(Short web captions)
-=-=-

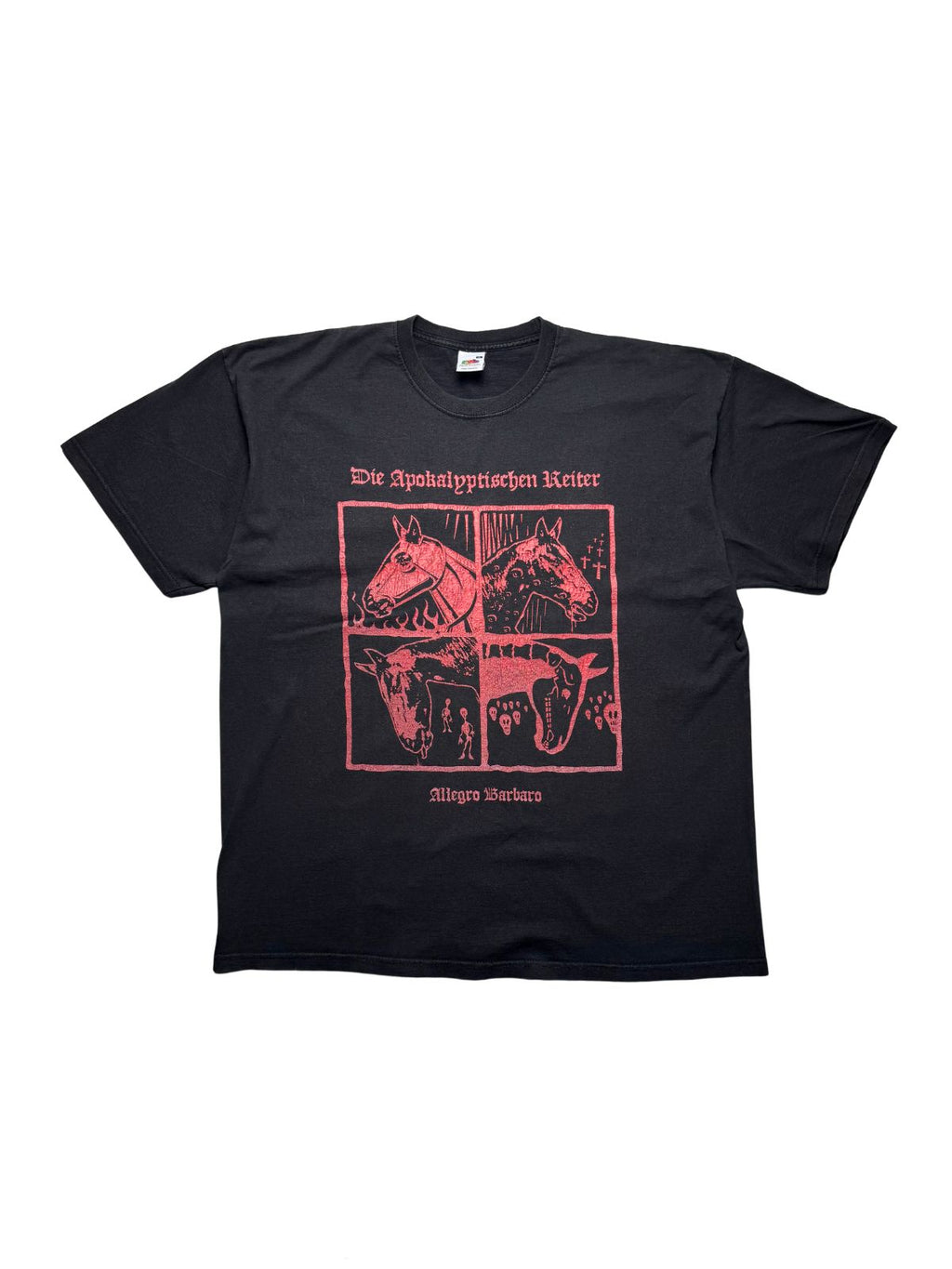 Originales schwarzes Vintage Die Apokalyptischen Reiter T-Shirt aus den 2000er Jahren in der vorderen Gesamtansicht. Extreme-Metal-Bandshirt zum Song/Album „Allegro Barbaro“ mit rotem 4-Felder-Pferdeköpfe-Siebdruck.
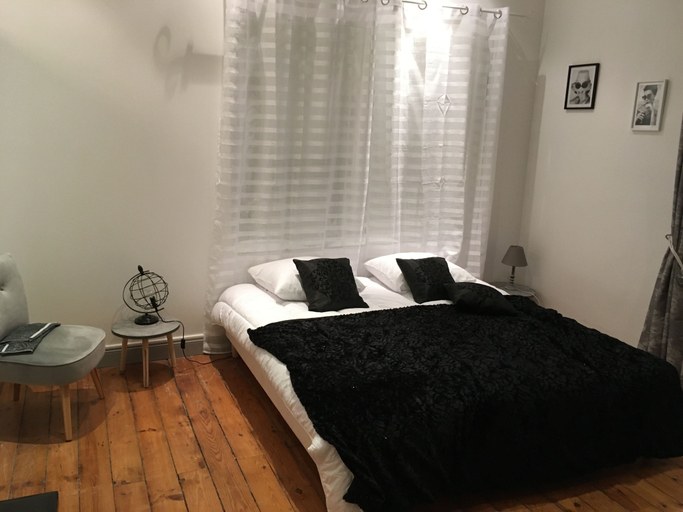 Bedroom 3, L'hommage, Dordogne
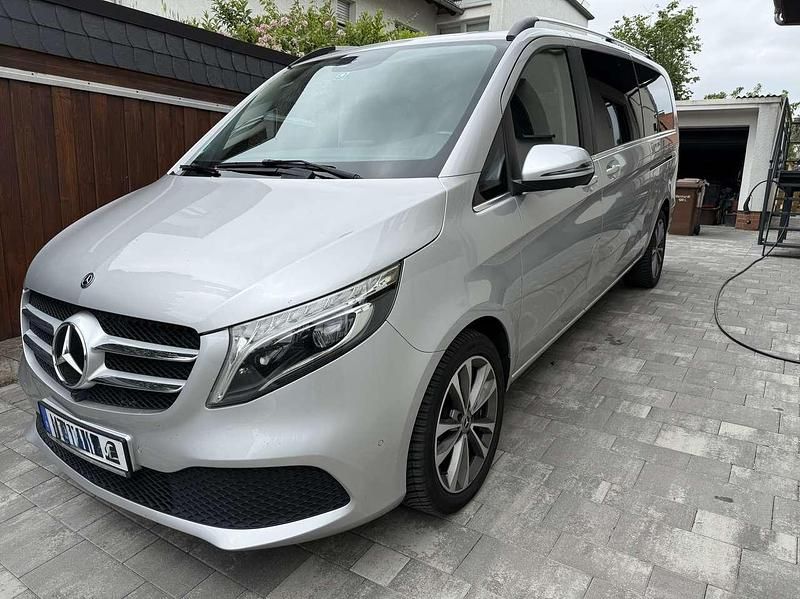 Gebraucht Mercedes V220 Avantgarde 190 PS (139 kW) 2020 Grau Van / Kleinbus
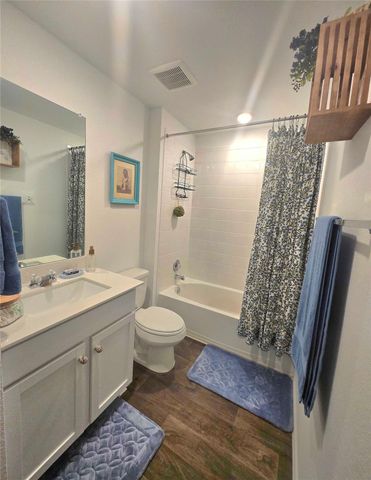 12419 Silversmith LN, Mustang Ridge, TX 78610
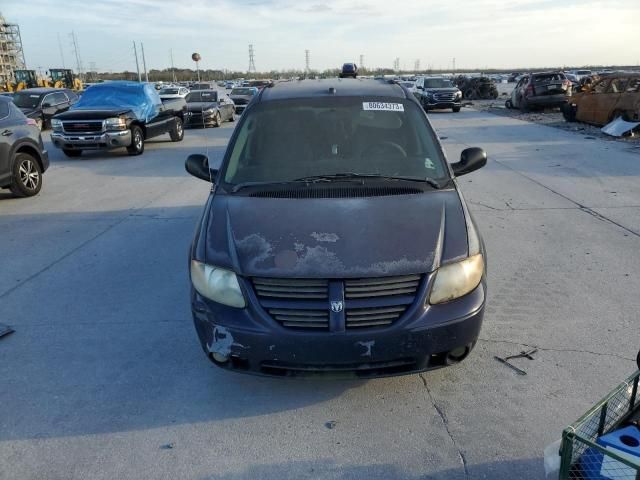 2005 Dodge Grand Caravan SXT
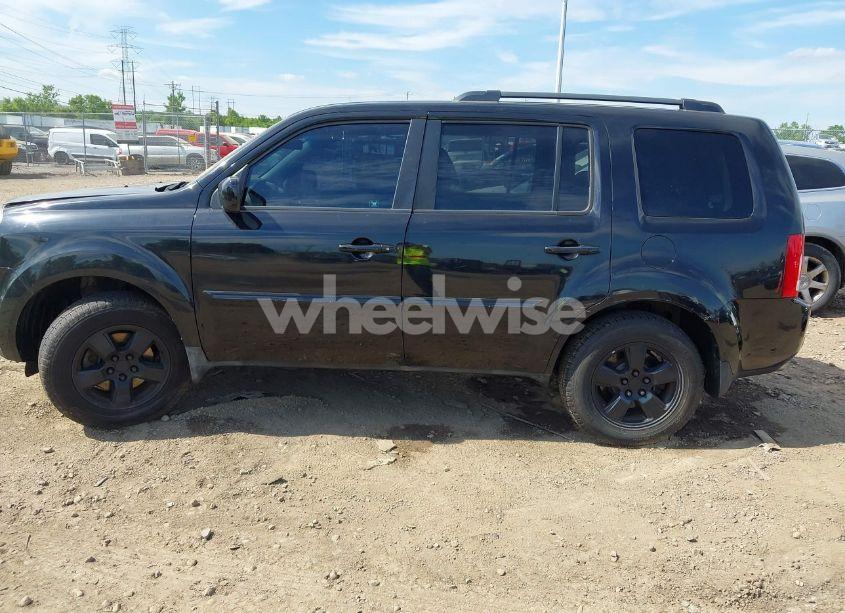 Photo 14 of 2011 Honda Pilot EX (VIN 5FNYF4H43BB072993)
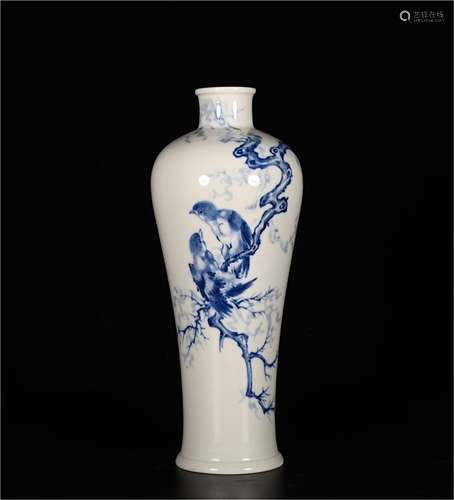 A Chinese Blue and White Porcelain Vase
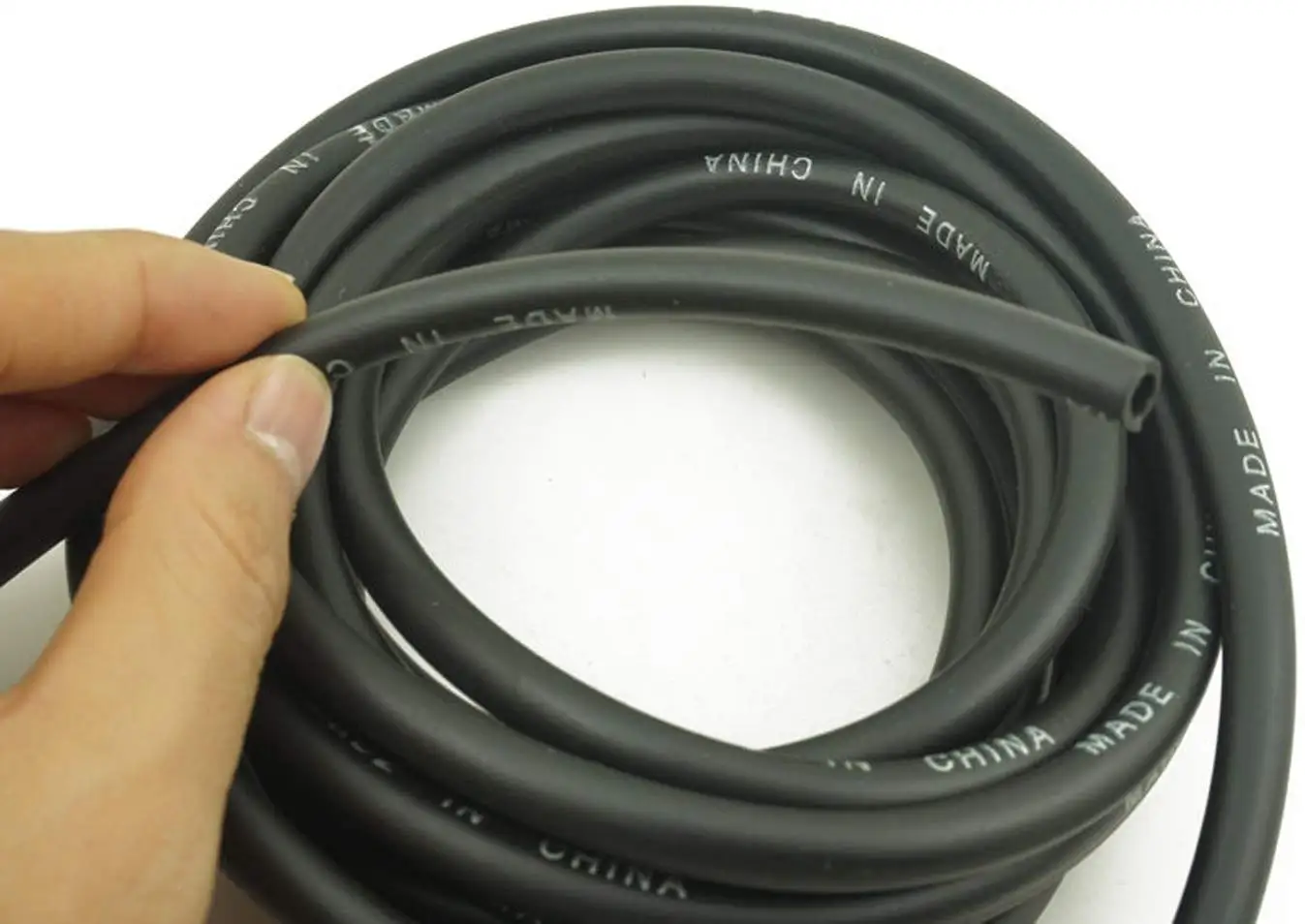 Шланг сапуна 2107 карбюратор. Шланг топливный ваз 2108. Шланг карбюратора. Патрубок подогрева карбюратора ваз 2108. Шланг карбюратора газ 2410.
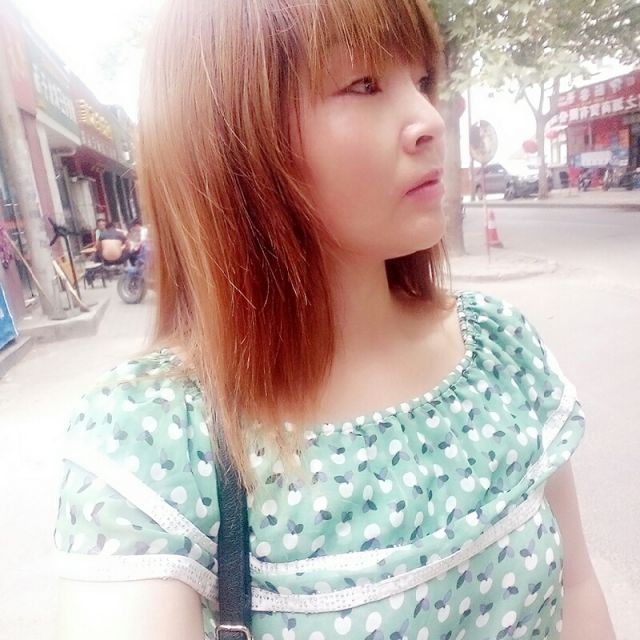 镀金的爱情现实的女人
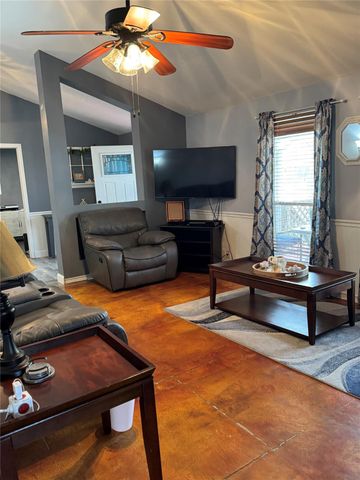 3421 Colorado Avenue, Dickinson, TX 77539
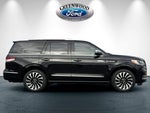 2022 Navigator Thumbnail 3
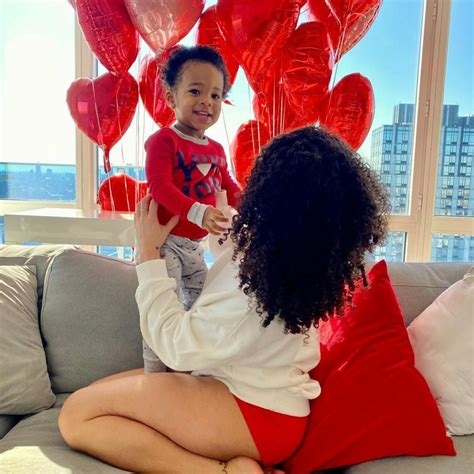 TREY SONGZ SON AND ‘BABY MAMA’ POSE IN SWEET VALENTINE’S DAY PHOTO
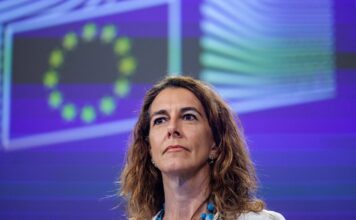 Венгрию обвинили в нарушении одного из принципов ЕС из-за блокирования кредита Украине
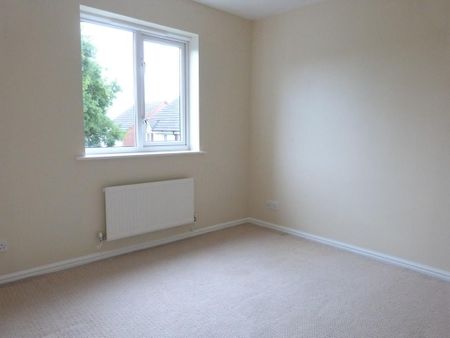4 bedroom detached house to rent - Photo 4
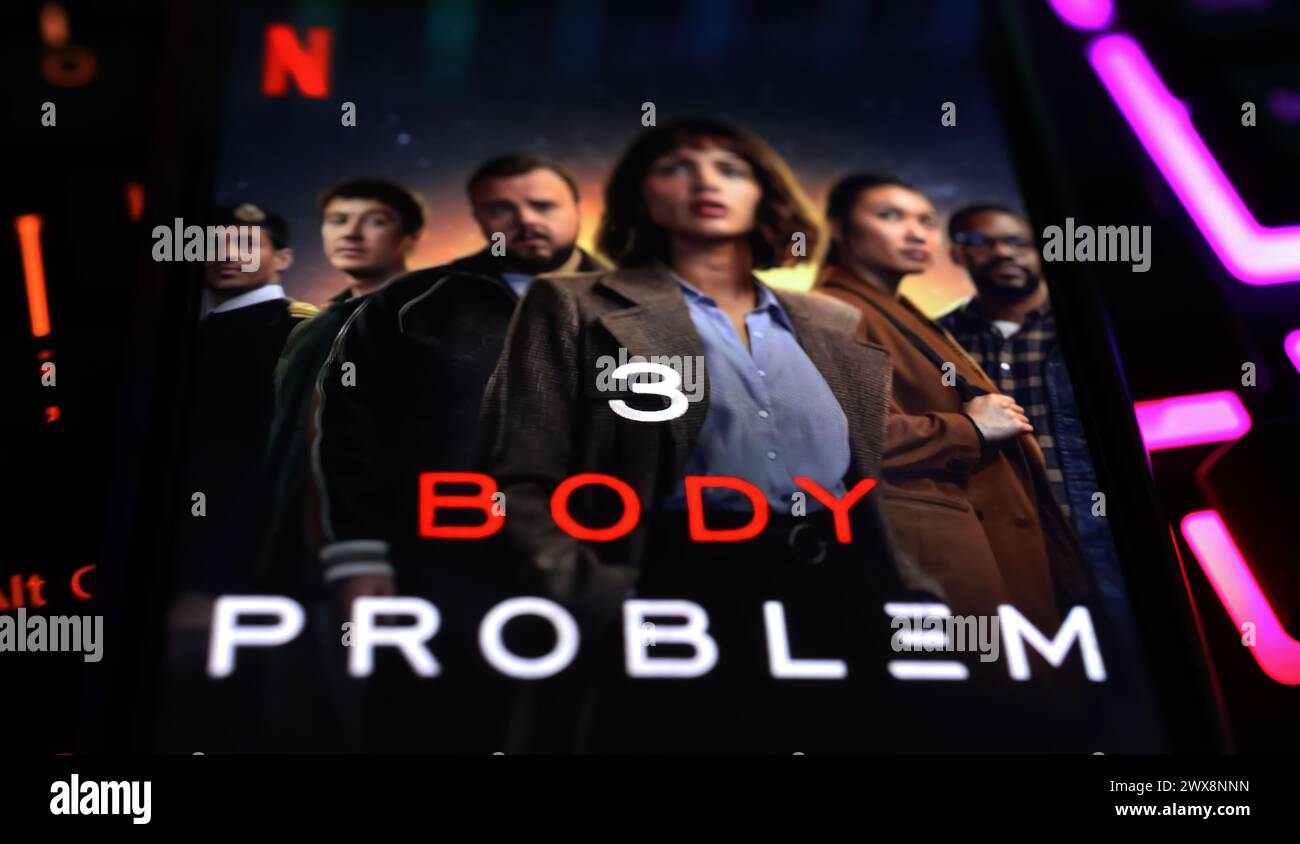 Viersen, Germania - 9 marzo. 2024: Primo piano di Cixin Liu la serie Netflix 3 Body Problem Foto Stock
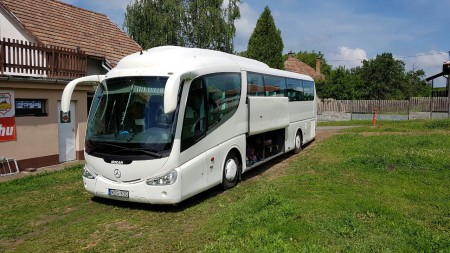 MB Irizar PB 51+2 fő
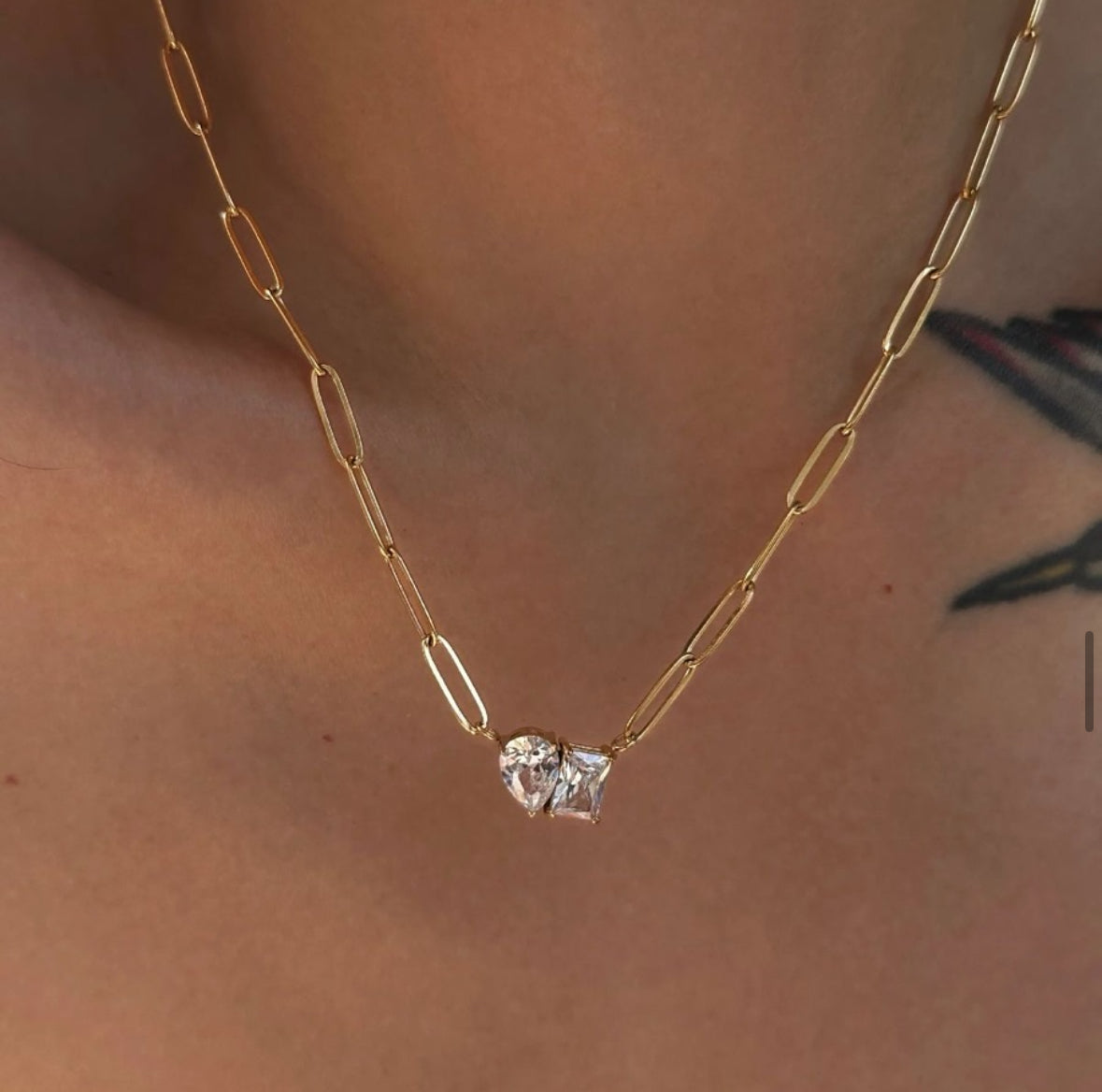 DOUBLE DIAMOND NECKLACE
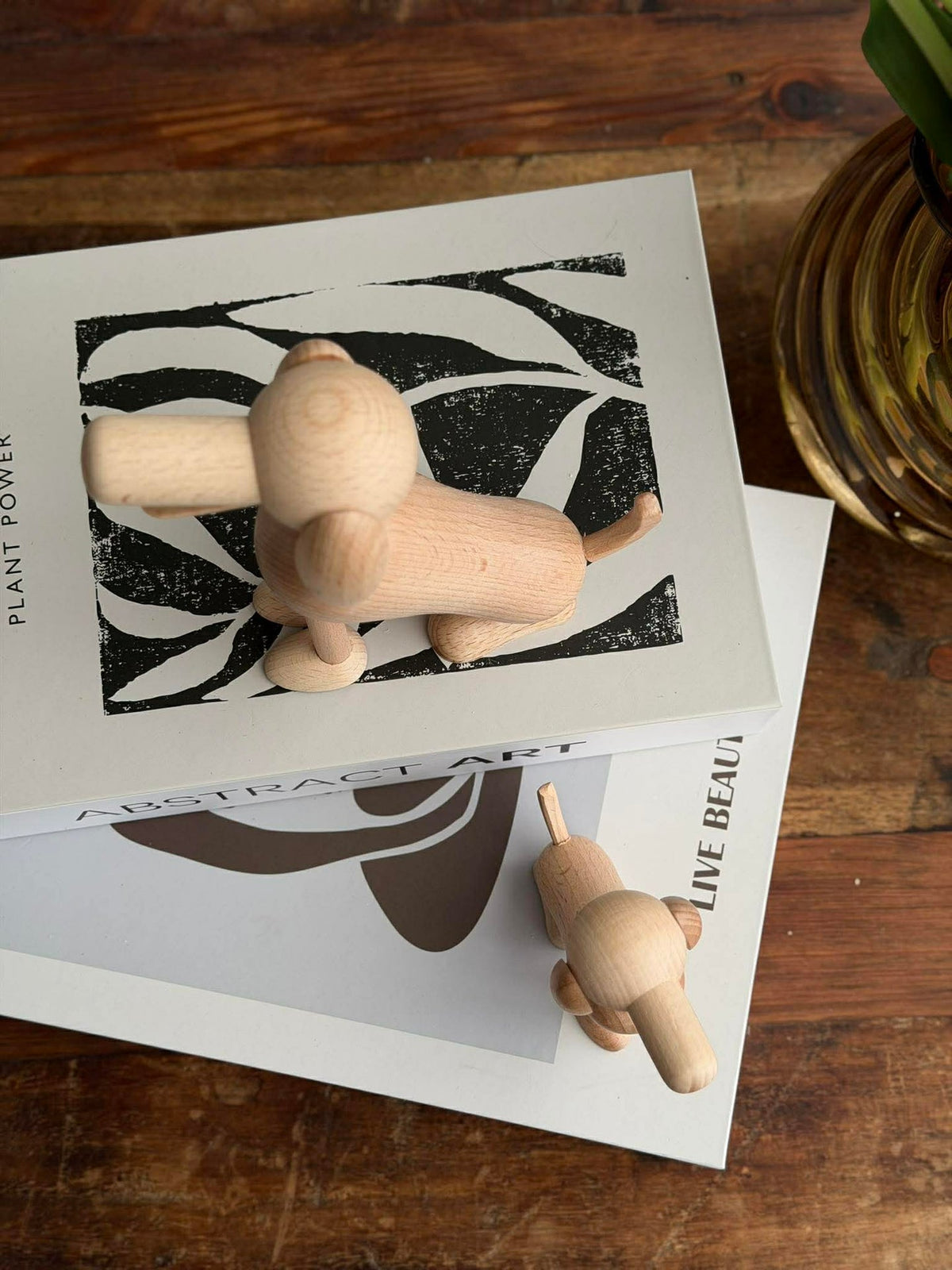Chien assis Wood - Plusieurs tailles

-=-=-

§ **TASK ITEM**:
Copy the records exactly. Skip any pictures.

§ **WRITTEN RESPONSE**:
 Originales schwarzes Vintage Die Apokalyptischen Reiter T-Shirt aus den 2000er Jahren in der vorderen Gesamtansicht. Extreme-Metal-Bandshirt zum Song/Album „Allegro Barbaro“ mit rotem 4-Felder-Pferdeköpfe-Siebdruck.
 Bedroom 3, L'hommage, Dordogne
 Gebraucht Mercedes V220 Avantgarde 190 PS (139 kW) 2020 Grau Van / Kleinbus
 12419 Silversmith LN, Mustang Ridge, TX 78610
 2005 Dodge Grand Caravan SXT
 Photo 14 of 2011 Honda Pilot EX (VIN 5FNYF4H43BB072993)
 A Chinese Blue and White Porcelain Vase
 Шланг сапуна 2107 карбюратор. Шланг топливный ваз 2108. Шланг карбюратора. Патрубок подогрева карбюратора ваз 2108. Шланг карбюратора газ 2410.
 镀金的爱情现实的女人
 3421 Colorado Avenue, Dickinson, TX 77539
 2022 Navigator Thumbnail 3
 TREY SONGZ SON AND ‘BABY MAMA’ POSE IN SWEET VALENTINE’S DAY PHOTO
 Венгрию обвинили в нарушении одного из принципов ЕС из-за блокирования кредита Украине
4 bedroom detached house to rent - Photo 4
 Viersen, Germania - 9 marzo. 2024: Primo piano di Cixin Liu la serie Netflix 3 Body Problem Foto Stock
 MB Irizar PB 51+2 fő
 DOUBLE DIAMOND NECKLACE
Chien assis Wood - Plusieurs tailles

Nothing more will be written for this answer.